ASSIGNMENT ::
Reproduce the entries verbatim; no pictures.

Records excerpted from a collection ::

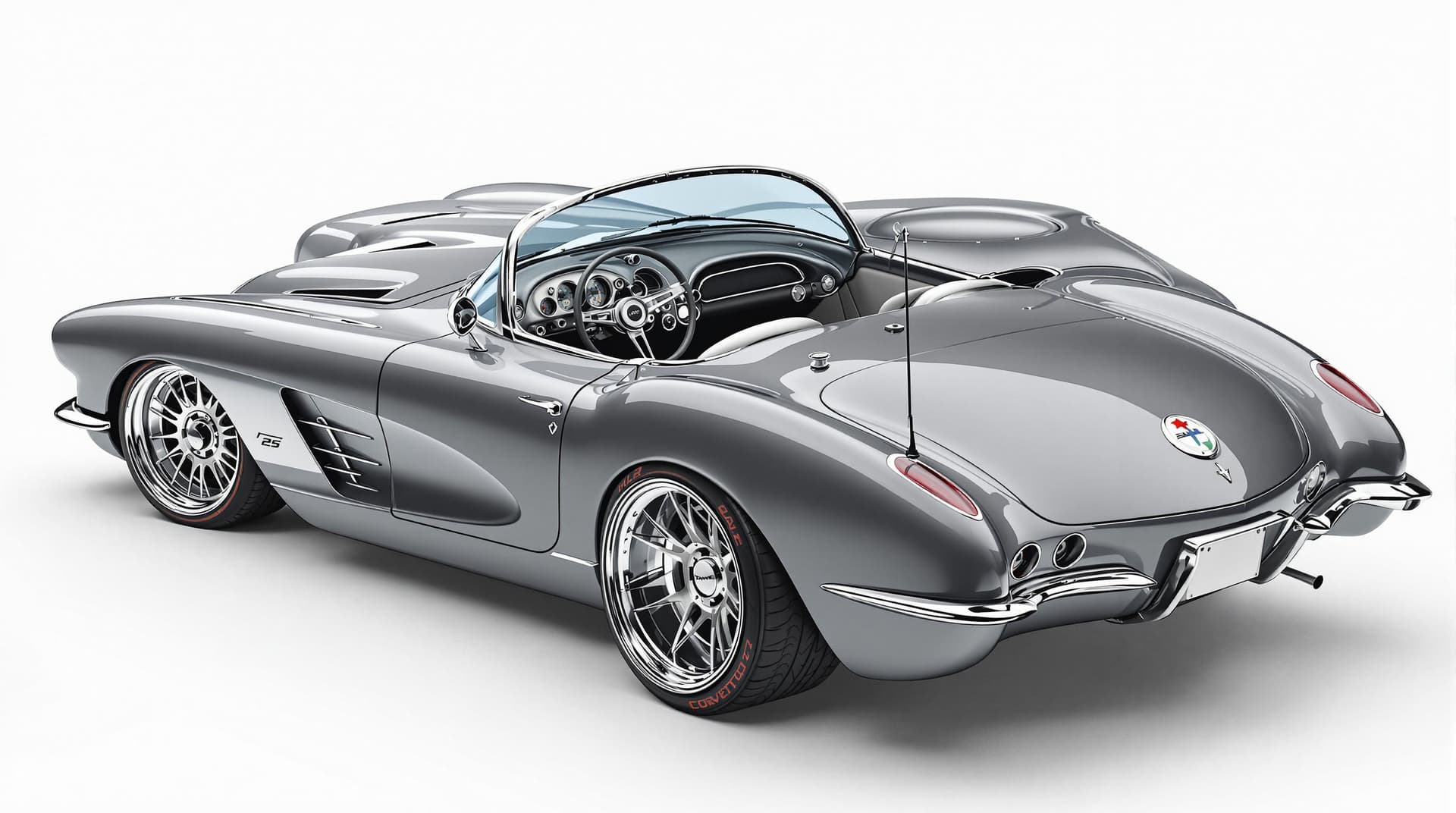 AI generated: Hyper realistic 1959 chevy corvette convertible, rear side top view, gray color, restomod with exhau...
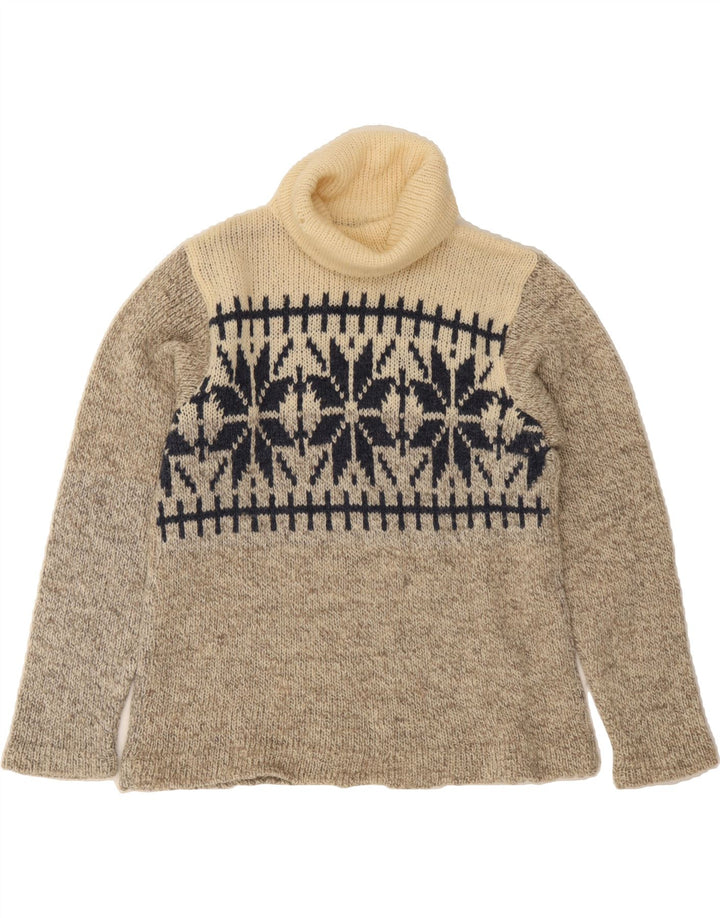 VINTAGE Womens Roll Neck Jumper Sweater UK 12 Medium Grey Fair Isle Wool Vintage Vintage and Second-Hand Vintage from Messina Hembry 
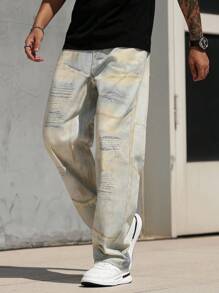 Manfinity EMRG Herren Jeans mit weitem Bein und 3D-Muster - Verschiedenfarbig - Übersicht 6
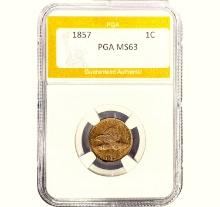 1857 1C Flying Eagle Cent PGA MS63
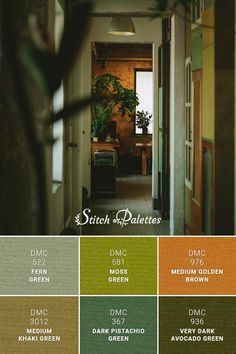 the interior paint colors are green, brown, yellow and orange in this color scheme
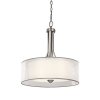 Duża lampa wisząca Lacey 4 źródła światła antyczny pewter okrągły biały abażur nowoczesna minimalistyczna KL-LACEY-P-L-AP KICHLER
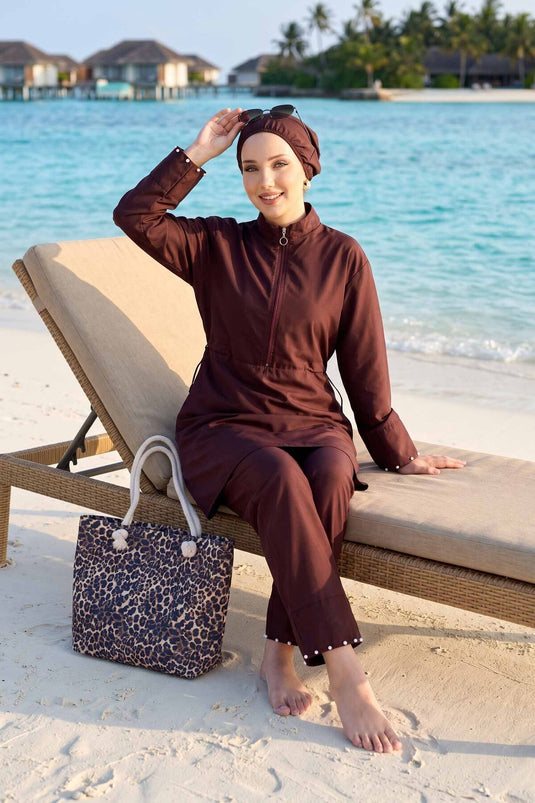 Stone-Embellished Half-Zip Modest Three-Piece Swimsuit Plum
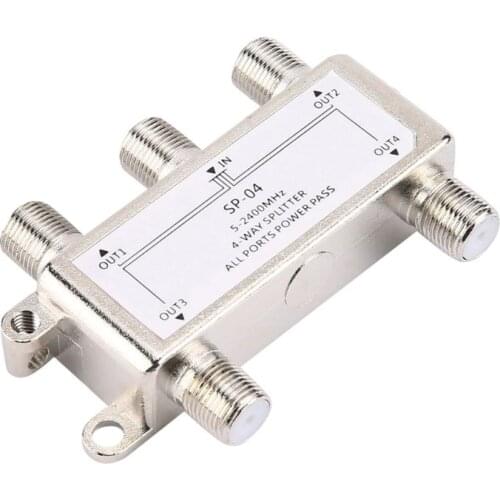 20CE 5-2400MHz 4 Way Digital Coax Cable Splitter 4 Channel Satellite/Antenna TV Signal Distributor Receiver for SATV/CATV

REPLY TO THE EXERCISE ::
 AI generated: Hyper realistic 1959 chevy corvette convertible, rear side top view, gray color, restomod with exhau...
 VINTAGE Womens Roll Neck Jumper Sweater UK 12 Medium Grey Fair Isle Wool Vintage Vintage and Second-Hand Vintage from Messina Hembry 
 Manfinity EMRG Herren Jeans mit weitem Bein und 3D-Muster - Verschiedenfarbig - Übersicht 6
 1857 1C Flying Eagle Cent PGA MS63
 the interior paint colors are green, brown, yellow and orange in this color scheme
 Duża lampa wisząca Lacey 4 źródła światła antyczny pewter okrągły biały abażur nowoczesna minimalistyczna KL-LACEY-P-L-AP KICHLER
 Stone-Embellished Half-Zip Modest Three-Piece Swimsuit Plum
 20CE 5-2400MHz 4 Way Digital Coax Cable Splitter 4 Channel Satellite/Antenna TV Signal Distributor Receiver for SATV/CATV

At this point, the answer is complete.